Some of the nation's most visionary scientists — recipients of
the NIH Director's Pioneer Award — will gather at Masur Auditorium,
Bldg. 10, on Thursday, Sept. 29. At the first annual NIH Director's
Pioneer Award Symposium, the 2004 awardees will discuss their research
and NIH director Dr. Elias Zerhouni will announce the 2005 cohort
Come to hear how the Pioneer Award has enabled the 2004 recipients
to focus and speed their efforts to answer some of the most basic
and significant questions of biology: What does the production
of a single protein look like? Can you build metabolic pathways?
How are memories stored? How do viruses recognize and infect cells?
Is there a better way to design a vaccine against HIV?
"Each Pioneer awardee is forging new ground in an important scientific
field," said Zerhouni. "Our goal was to support scientists of exceptional
creativity with pioneering concepts. It is obvious just from their
first year of work that these scientists are making good on their
promise to pursue far-ranging ideas that merit exploration."
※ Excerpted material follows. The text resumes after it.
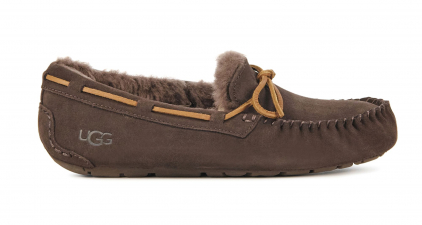 UGG ugg-dames-leren-dames-pantoffe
Zerhouni will open the symposium at 8:15 a.m. A highlight of the
day promises to be the 2 p.m. roundtable discussion among the 2004
award recipients. The event will end with an informal reception
at 3 p.m.
Here is a taste of the scientific smorgasbord being offered at
Dr. Larry Abbott of Columbia University is using mathematical
modeling to study the neural networks responsible for our actions
and behaviors. His group has devised a new model of synaptic signaling
for memory storage and retrieval. This model explains how memories
of past experiences are retained even as new memories are continually
being formed. The model also makes predictions about the way synaptic
connections between neurons change as a function of neural activity.
Abbott's group is testing the model and exploring its implications
for learning and for designing optimal training strategies.
Dr. George Daley of Children's Hospital Boston/ Harvard Stem Cell
Institute aims to define the code that directs an embryonic stem
cell to specialize, then use that information to regenerate function
lost to disease. His ultimate goal is to reprogram body cells by
means other than nuclear transfer, which he describes as essentially
erasing everything and starting from scratch, and which he believes
may be more drastic than necessary.
Dr. Homme Hellinga of Duke University Medical Center uses molecular
simulation and protein engineering to build components of biological
systems and manipulate their interactions. He envisions ways to
design molecules with completely novel behaviors. Hellinga has
developed a highly automated system to fabricate designed proteins,
eliminating a major bottleneck in the process. His group has already
used the system to design new enzymes and new DNA-binding proteins.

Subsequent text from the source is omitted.